Fundraising and Budget Control

Essential school programs should not need to fundraise to meet core costs, and budgeting needs to be decentralized from the main administrative office.

Ok, some background: I spent over 10 hours last weekend (following 10-20 hours of planning) running two fundraisers to help get my students to Spain in February. We netted less than $800. While I'm confident we will eventually raise the $25,000 we need to substantially reduce costs for our travelers, the burden on me as the group leader is grueling, and attending to my teaching duties as well as our travel management agenda makes the phrase "work-life balance" sound like a sick joke. We have two students who are especially struggling to make payments. A firmer commitment from my school at the outset would make our fundraising stakes less dramatic and would signal a willingness to build the program for the benefit of future student travel. However, this type of commitment would place our school in an over-extended financial position, and since we depend on undependable state government and foundation grants, the launching of innovative programs require a sisyphean effort.

In the 21st century and our globalized world, international travel programming is a fundamental need, yet schools seldom treat this aspect of education as anything other than a teacher's pet project, approved of by the administration but not underwritten financially. Whether it is travel, athletics, arts or engineering, "extra-curricular" activities are frequently the glue that bind kids to school and the inspiration that leads kids to their careers, yet they are treated as peripheral window-dressing by bureaucrats and administrators.

In order to improve our schools, departments and programs need to have independent budgets much like departments within local, state and federal government. Staff should be held accountable for how that money is spent as they exercise this unusual autonomy. School administrators are often overwhelmed with approval requests for purchasing everything from class sets of books to dry erase markers and projector light bulbs. This is inefficient for management and employees, as teacher and program leaders wait needlessly for supplies and management drowns in emails and paperwork.

The move to bring business leaders into education has not shown clear evidence of improved student achievement; however, there is no doubt that some expertise in organizational and financial management is sorely needed.

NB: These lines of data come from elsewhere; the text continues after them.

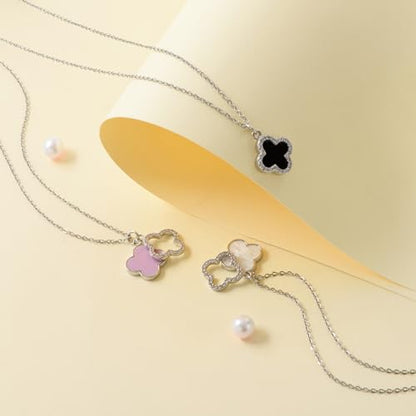 Clover Necklace For Women 18k Gold Plated Silver Lucky Four Leaf Clover Pendent Necklaces Trendy Dainty Jewelry Gifts for Women - color: Gold-Pink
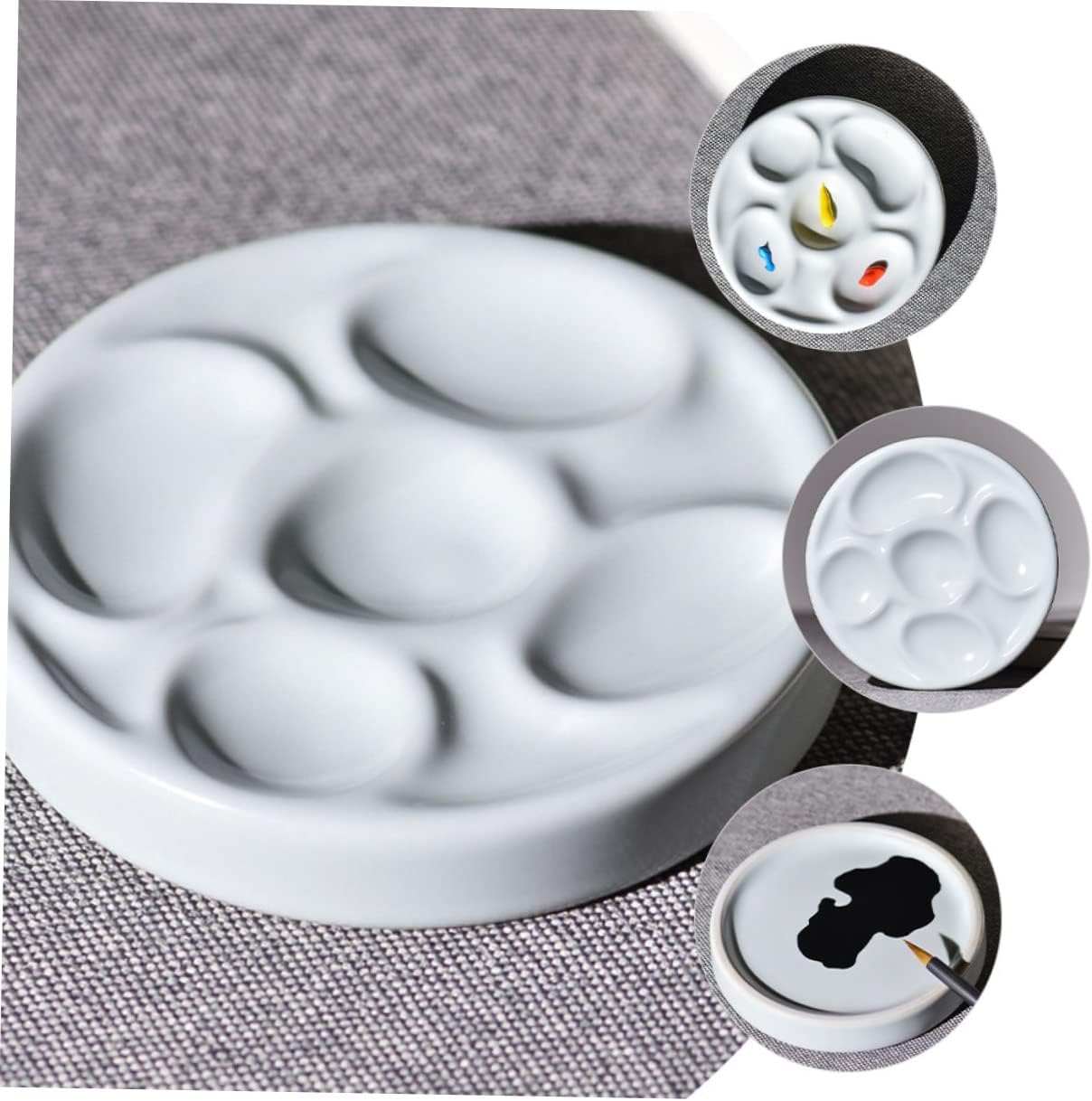 Ceramic Pigment Mixing Tray for Watercolor Artists Multi-Functional Paint Palette 10 Color Wells for Painting Convenient for Studio and Travel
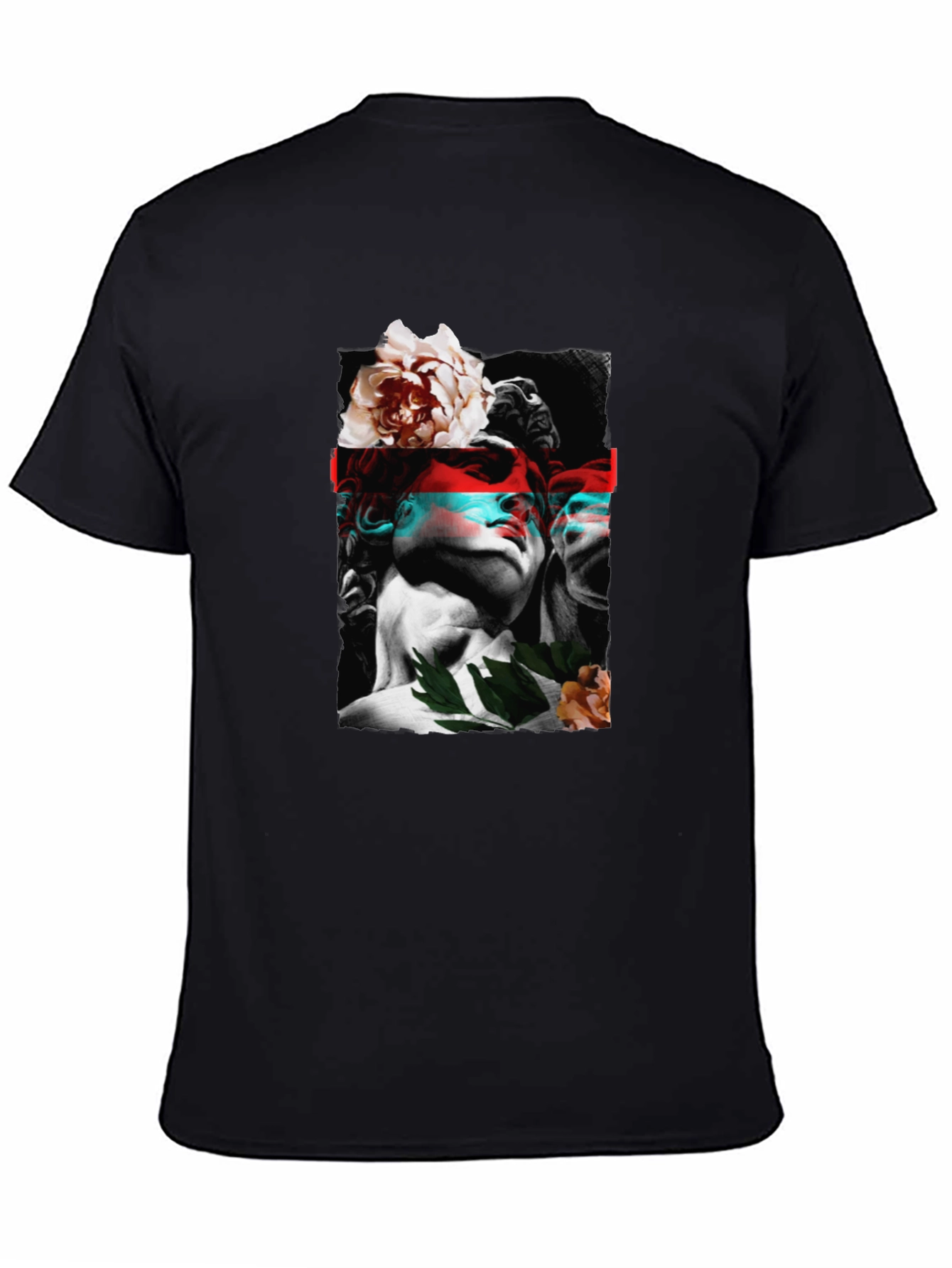 Statue & Floral Graphic Print Black T-Shirt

Our kids need cleats, costumes and plane tickets; and school leaders need better ways to focus on strategy as opposed to micro-management.

Thursday, October 14, 2010

Finland, Big Schools, and The College Dream

As our nation today struggles though divisive debates about education reform, Linda Darling Hammond would have us look at the recent accomplishments of Finland, the world's number 1 school system based on the PISA scores, "an international test for 15-year-olds in language, math, and science literacy" (Rethinking Schools, Vol 24.4). In discussing the high performance of students in Finland, Hammond argues that Finland's "teaching and learning system" achieves results because of decentralized curriculum design and assessment, emphasis on qualified teachers, and thoughtfully supportive school environments. 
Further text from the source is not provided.